In this study, we isolated and cultured skin, urine, and white adipose-derived somatic cells from three ACH patients with Gly380Arg mutation, including a girl, a boy, and an adult male. Further we generated non-integrated iPSCs from the ACH girl’s skin and the ACH boy’s urine. However adipose-derived mesenchymal stem cells (AD-MSCs) from the adult male could not be reprogrammed to iPSCs. We found that the chondrogenic differentiation ability of ACH iPSCs was confined compared with that of healthy iPSCs. When the mutation of ACH iPSCs was precisely corrected by CRISPR-Cas9, their chondrogenic differentiation ability was restored. In addition, these corrected iPSCs kept pluripotency and maintained normal chromosomal number and structure. Our study may provide an important theoretical and experimental basis for the ACH research and treatment.

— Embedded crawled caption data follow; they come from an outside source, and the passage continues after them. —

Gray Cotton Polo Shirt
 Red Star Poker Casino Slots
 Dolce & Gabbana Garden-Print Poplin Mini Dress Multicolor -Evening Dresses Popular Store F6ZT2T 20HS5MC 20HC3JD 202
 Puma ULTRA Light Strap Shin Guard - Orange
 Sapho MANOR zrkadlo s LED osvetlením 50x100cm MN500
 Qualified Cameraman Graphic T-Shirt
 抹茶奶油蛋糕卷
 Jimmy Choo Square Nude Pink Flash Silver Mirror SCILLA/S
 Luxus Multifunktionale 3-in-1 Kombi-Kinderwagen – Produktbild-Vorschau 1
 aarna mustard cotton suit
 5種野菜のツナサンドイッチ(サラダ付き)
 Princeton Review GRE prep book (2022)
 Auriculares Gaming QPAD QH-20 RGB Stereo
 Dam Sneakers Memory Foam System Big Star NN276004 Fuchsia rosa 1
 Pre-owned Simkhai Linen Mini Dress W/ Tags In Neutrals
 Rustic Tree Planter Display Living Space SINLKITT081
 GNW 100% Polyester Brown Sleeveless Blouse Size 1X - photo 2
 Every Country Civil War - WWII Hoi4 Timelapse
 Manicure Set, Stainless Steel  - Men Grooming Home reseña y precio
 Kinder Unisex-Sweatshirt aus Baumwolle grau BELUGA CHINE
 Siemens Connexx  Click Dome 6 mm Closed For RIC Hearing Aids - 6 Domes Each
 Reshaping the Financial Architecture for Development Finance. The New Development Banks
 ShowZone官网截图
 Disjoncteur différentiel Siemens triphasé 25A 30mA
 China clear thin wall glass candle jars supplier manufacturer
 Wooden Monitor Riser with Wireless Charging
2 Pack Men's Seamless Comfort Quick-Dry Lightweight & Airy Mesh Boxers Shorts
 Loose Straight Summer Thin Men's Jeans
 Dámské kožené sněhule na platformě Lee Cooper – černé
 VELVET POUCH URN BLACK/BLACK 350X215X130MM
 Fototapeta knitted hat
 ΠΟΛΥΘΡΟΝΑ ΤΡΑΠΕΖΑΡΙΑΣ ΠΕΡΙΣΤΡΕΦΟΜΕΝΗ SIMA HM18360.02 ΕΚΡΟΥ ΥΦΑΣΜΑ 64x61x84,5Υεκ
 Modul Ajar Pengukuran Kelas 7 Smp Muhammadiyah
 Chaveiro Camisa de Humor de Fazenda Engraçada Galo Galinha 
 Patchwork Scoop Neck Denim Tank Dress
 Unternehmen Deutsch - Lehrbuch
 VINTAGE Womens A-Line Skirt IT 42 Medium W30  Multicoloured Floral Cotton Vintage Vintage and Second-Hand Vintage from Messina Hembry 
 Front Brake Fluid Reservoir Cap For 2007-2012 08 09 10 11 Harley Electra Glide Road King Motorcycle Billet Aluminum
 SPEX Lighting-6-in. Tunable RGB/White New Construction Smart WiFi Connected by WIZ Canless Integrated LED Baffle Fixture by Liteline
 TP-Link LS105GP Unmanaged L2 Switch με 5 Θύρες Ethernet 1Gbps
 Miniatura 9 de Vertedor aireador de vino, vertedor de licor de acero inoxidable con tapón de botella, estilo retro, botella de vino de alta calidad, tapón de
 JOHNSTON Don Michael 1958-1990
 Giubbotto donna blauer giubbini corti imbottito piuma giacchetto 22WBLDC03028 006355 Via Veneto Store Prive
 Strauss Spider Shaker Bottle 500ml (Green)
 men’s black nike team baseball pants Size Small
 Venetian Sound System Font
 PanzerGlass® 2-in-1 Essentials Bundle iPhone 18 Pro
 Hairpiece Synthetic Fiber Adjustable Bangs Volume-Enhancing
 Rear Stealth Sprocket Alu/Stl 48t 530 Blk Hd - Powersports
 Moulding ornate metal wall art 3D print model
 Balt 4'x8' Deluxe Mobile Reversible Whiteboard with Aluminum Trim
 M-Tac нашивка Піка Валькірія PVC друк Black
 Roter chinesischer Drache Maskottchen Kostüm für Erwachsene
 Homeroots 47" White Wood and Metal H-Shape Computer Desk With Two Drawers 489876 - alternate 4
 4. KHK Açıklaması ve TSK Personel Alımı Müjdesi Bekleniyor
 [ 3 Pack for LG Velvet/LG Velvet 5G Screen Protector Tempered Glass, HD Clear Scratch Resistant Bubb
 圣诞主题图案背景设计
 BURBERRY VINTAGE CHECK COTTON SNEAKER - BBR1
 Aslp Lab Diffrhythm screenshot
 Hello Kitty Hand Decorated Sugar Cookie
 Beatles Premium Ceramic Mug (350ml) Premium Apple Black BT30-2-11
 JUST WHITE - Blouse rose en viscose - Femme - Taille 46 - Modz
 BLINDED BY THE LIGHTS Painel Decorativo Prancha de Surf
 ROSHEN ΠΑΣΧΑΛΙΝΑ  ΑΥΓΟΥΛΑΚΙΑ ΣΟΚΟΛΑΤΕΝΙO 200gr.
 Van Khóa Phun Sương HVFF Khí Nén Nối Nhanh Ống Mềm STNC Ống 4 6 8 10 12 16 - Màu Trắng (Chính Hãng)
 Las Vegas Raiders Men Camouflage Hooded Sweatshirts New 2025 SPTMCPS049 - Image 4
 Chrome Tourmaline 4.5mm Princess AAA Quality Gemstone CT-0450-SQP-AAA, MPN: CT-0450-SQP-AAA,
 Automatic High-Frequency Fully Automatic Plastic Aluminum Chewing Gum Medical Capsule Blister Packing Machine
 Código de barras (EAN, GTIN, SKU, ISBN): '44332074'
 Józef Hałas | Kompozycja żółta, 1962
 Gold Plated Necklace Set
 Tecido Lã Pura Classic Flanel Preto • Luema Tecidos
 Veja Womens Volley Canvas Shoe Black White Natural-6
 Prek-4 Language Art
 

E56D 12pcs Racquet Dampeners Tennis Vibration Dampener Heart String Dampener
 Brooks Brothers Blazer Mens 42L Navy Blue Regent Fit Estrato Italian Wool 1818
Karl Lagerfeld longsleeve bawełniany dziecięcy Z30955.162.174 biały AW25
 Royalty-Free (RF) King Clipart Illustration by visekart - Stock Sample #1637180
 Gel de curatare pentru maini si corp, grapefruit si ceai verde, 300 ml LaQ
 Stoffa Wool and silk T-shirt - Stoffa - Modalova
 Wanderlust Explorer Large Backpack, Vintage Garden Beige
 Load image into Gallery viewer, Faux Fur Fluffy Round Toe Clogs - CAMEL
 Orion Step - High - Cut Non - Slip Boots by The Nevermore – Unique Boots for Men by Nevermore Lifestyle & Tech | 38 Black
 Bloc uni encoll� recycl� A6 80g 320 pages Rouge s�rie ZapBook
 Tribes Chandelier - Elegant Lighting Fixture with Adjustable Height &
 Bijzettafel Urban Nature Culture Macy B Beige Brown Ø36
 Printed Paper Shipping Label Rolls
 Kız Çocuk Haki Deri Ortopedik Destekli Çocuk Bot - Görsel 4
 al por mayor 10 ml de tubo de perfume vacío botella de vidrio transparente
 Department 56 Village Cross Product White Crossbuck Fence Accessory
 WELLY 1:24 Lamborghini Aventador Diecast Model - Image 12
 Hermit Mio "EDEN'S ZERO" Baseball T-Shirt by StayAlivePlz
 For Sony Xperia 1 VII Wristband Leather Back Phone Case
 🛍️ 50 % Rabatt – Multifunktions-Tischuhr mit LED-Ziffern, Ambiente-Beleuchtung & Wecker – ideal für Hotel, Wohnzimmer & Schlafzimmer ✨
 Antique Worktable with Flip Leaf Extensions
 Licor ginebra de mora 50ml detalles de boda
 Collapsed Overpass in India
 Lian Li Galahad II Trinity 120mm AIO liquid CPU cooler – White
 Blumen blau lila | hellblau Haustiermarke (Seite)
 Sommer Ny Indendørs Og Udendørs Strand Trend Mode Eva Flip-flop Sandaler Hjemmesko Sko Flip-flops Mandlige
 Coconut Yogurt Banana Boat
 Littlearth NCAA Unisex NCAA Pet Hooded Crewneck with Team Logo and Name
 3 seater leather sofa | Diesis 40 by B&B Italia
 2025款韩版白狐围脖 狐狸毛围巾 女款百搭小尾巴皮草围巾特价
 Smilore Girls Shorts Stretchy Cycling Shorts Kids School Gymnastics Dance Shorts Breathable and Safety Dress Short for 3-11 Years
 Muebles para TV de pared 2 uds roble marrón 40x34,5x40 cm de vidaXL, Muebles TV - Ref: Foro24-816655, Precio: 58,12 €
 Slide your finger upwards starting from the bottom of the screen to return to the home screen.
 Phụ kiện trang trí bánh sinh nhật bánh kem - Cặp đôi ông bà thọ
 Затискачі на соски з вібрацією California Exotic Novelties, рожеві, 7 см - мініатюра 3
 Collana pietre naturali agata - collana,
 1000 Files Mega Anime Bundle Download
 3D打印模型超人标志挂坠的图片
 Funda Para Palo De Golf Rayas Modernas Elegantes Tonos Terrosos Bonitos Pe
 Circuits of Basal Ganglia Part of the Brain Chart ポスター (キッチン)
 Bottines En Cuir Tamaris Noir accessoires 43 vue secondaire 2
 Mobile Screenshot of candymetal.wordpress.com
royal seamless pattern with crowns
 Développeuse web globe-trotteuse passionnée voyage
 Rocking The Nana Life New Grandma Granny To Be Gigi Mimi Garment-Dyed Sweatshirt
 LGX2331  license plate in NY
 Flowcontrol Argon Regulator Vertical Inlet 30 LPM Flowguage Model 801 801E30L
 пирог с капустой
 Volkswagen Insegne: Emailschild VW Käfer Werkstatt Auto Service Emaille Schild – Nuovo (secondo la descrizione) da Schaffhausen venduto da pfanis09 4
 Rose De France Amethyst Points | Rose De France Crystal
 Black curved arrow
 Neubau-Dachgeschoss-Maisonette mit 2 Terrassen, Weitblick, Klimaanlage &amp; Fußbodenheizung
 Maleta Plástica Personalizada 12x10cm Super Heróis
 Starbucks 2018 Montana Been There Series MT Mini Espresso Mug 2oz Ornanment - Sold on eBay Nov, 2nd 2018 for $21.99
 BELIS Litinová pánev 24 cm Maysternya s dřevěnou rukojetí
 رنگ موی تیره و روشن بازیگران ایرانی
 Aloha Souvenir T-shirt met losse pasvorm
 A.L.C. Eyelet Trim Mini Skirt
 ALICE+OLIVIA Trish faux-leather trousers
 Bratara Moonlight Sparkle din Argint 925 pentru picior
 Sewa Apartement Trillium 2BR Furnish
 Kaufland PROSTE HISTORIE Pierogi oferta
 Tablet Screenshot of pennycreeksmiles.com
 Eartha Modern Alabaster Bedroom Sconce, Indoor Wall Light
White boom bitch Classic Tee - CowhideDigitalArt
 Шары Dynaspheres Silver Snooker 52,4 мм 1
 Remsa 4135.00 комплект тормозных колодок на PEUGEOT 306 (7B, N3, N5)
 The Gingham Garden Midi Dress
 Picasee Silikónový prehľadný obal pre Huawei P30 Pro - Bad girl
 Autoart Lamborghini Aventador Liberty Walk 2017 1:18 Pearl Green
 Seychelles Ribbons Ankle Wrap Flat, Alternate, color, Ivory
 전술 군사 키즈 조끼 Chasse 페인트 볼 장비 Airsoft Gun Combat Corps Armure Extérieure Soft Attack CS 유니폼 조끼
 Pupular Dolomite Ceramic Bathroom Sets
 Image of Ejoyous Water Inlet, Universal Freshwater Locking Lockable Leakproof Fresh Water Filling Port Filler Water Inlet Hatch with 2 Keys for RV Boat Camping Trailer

Research subjects and ethics statement

Research subjects in this study included two children and one adult male. Skin and urine samples were obtained from the children. Liposuction was performed on the adult male. All human subject protocols were reviewed and approved by the Ethical Review Board of the Renji Hospital, Shanghai (License Number 2014102805). All subjects signed the informed consent.

Isolation and culture of skin fibroblasts (SFs)

Skin biopsies were performed on the locally anesthetized lower legs by a sterile 3 mm skin punch. The skin tissues were cut into smaller pieces and placed in a 6-well plate, and grew for 2 weeks in the fibroblast medium that included DMEM, 10% fetal bovine serum (FBS), penicillin/streptomycin (P/S) and glutamine. Above regents were all from ThermoFisher.

Culture of urine-derived cells (UCs)

We followed the method established by Pei et al. [14] for the culture of UCs. Briefly, urine samples were collected into 50 ml tubes and centrifuged at 400g for 10 min. The supernatants were sucked out carefully, with only about 1 ml at the bottom kept in the tube. The remaining, after being resuspended by PBS which contained amphotericin B (Selleck) and P/S, were centrifuged again. Thereafter, with the supernatants discarded, the pellets were suspended and cultured into 12-well plates by the primary medium that contained DMEM, Ham's F-12 (ThermoFisher), 10% FBS, REGM Renal Epithelial Cell Growth Medium SingleQuots Kit (Lonza), amphotericin B and P/S. After 4 days, the medium was carefully changed to proliferation medium (Lonza REBM BulletKit).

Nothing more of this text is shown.